It’s been a full couple of years for Zulily.
In 2013 the online retailer famous for its cool mom centered aesthetic in online retail jumped into the public markets with quite a bang. Though originally priced at around $22 a share, the price popped almost immediately and closed out in the $37 a share range. Facebook, by comparison, ended its first day trading at ~$38 share.
Zulily’s early days were strong – and its share price grew. By February 2014, Zulily hit an all time high of $68.
But it couldn’t maintain that growth. Zulily went on to see its market cap diminish as its stock price fell to less than $15 a share by late August 2015. It was then that Zulily announced was saying good-bye to the public markets and hello to a new owner, Liberty Interactive’s QVC Group.
The deal was done for $2.4 billion – a hefty sounding sum that was actually a bit of bargain by for QVC, since it valued Zulily at $18.37 a share – a step down from its opening IPO price of $22. At the time of the purchase – QVS noted that it paid a premium of their acquisition – despite its dipping revenues, because of the potential for the brand and it’s base, as home shopping was moving to re-invent itself for the digital age, when shopping from ones couch is no longer a novelty.
“As the world leader in video and eCommerce retail, QVC is dedicated to remaining shopping, entertainment and community as one,” said Mike George, QVC President and CEO noted in statement. “In Zulily, we see a like-minded brand that shares our passion for discovering great products, for delivering honest value, and for building long term relationships with customers.”
Shared ideas perhaps – but not a share audience. At the tie of the acquisition, just about six percent of QVC’s customers also shopped on Zulily – as QVC’s user base tended to skew older and more suburban than Zulily’s younger urban mom shoppers.
And while there was concerns among investors about a mismatch – the change so far has been toward growth – as Zulily saw double digit grown in revenue during the closing quarter of 2016 – with more forecast when earnings are reported by its parent firm later this month.
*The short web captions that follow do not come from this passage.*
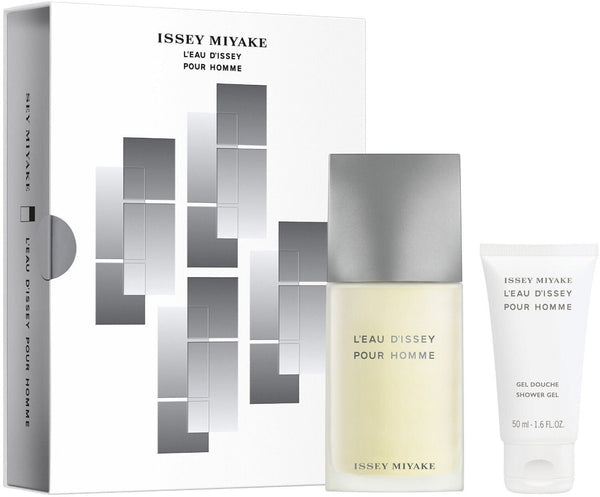 Issey Miyake L'eau D'issey Pour Homme Gift Set 75ml EDT+ Shower Gel 50ml - LookincredibleIssey Miyake3423222092788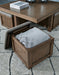 Boardernest Coffee Table with 4 Stools - Bill's Discount Center (Bradenton, FL)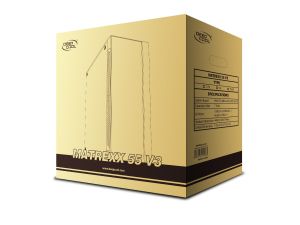 DeepCool кутия за компютър Case ATX - MATREXX 55 RGB V3
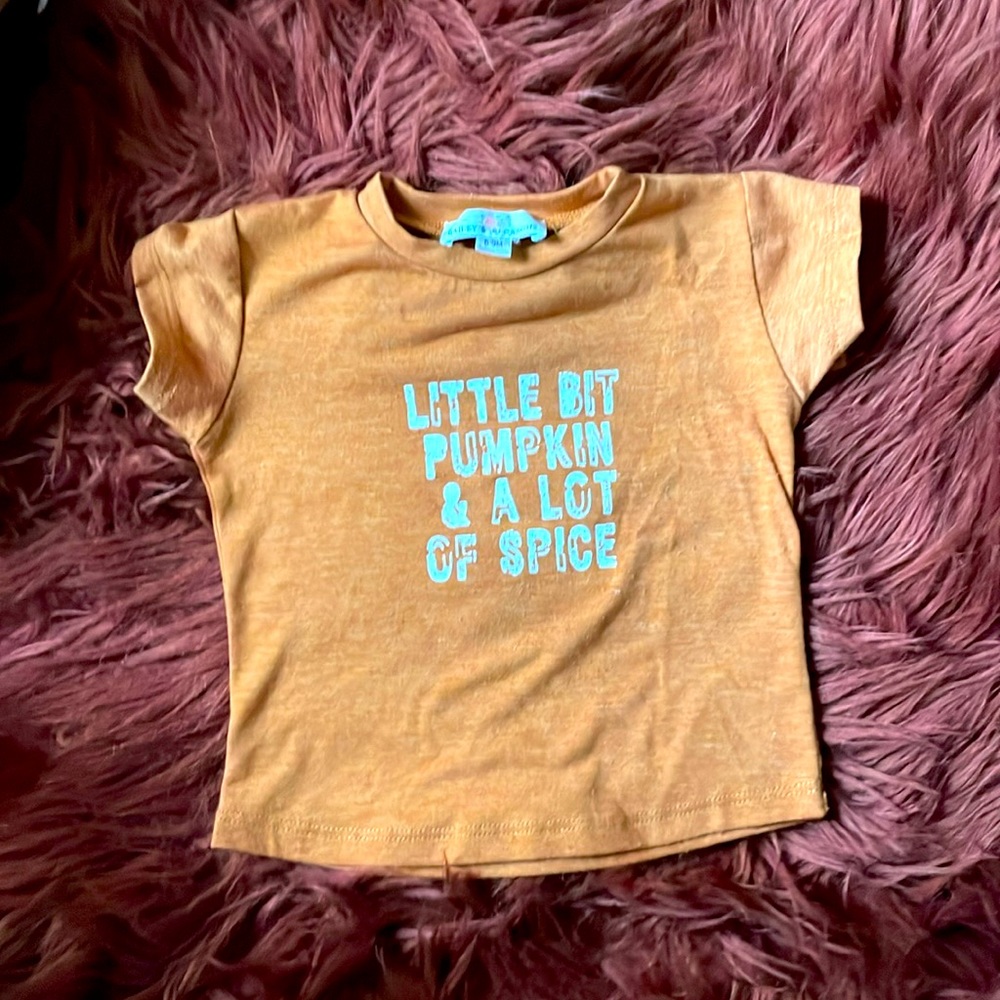 Baileys blossoms t-shirt 6-9months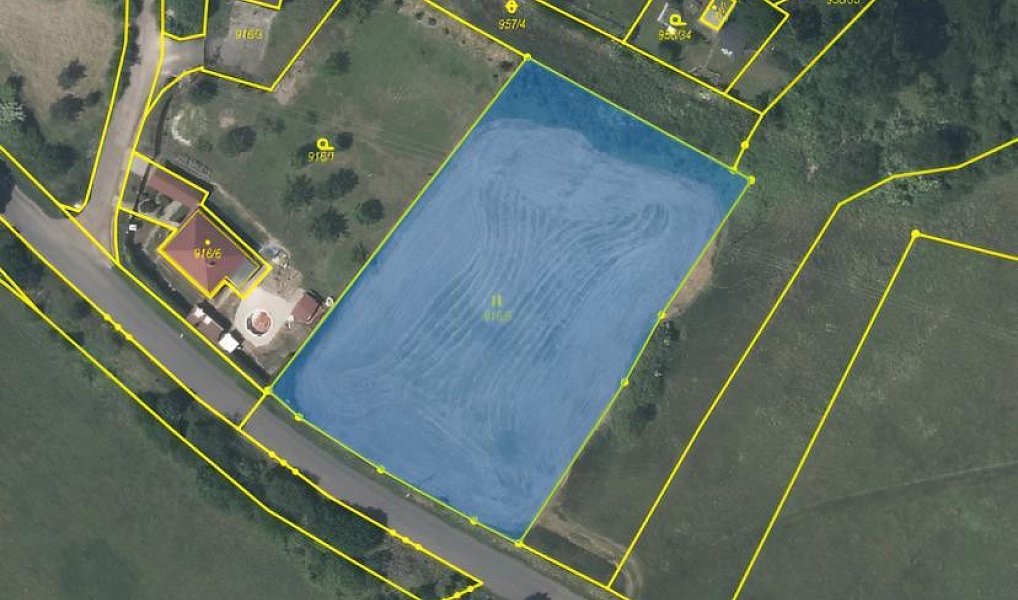 Prodej stavebního pozemku 3 430 m², Bystřany – náhled fotky 41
More important – Zulily is driving a lot of mobile growth for its parent firm – device based order represented about 63 percent of the total orders placed by mid-2016, compared with 56 percent in the year-ago period.
There have not, according to the firms’ executive teams, been much in the way of massive changes.
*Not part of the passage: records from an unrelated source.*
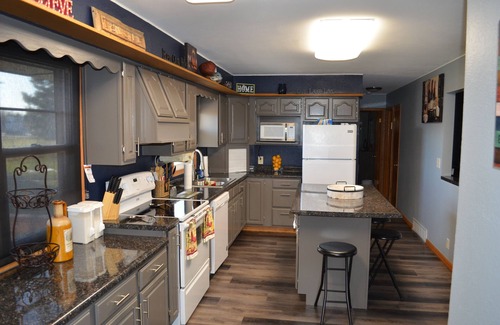 Sergeant Bluff House | Airview House a Beautifully furnished home in quiet neighborhood
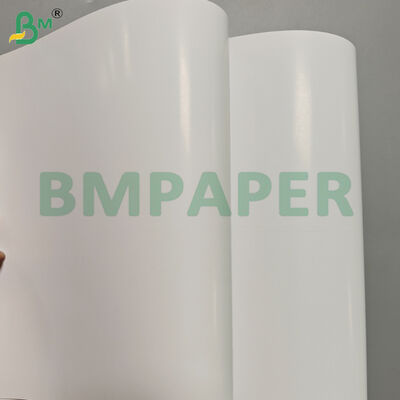 Ρολά Jumbo 170 gsm με δύο πλευρές με επίστρωση γυαλιστερό χαρτί τέχνης πλάτους 38"
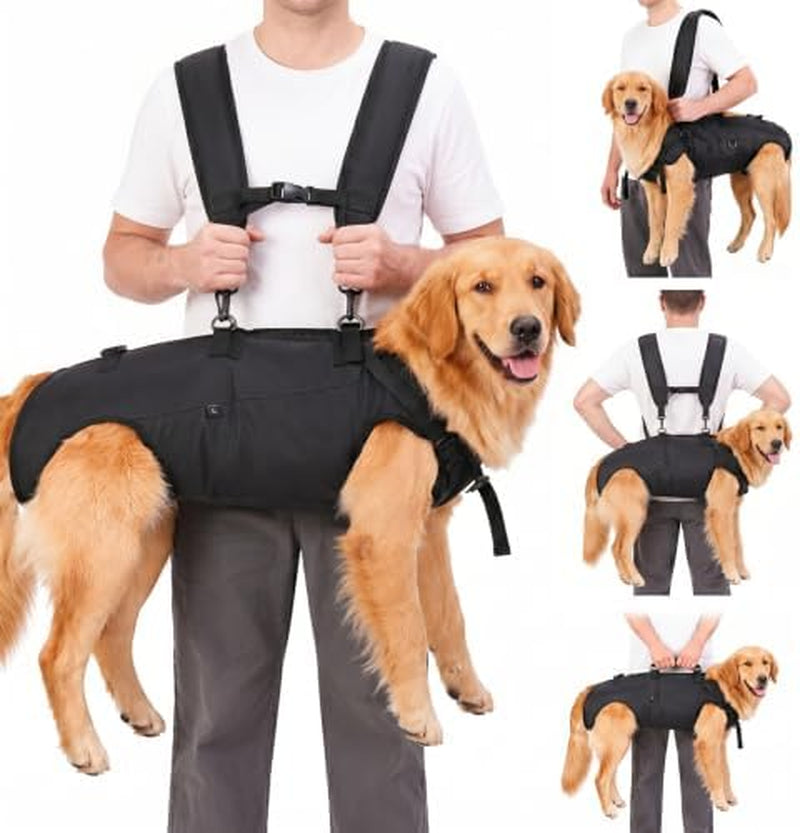 Dog Lift Harness – Full-Body Support Carrier for Senior & Post-Surgery Dogs (Large, 24–40 lb)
“There hasn’t been much in the way of change,” noted Zulily CEO Daryl Cavens – though there have been reciprocal upgrades.
Zulily’s engineering team in Seattle has be central to the redesign of the QVC website with site — the best images to show people, for example, while Zulily has expanded its video content offerings in accordance with QVC’s 24/7 on air philosophy.
“The amount of video content, and the infrastructure they have to do that, is incredible,” Cavens said.
And Zulily is excited for the what’s next in their evolution as a rand.
“I feel really good about the spot we’re in. We’re still only 6 years old but there’s so much more ahead.”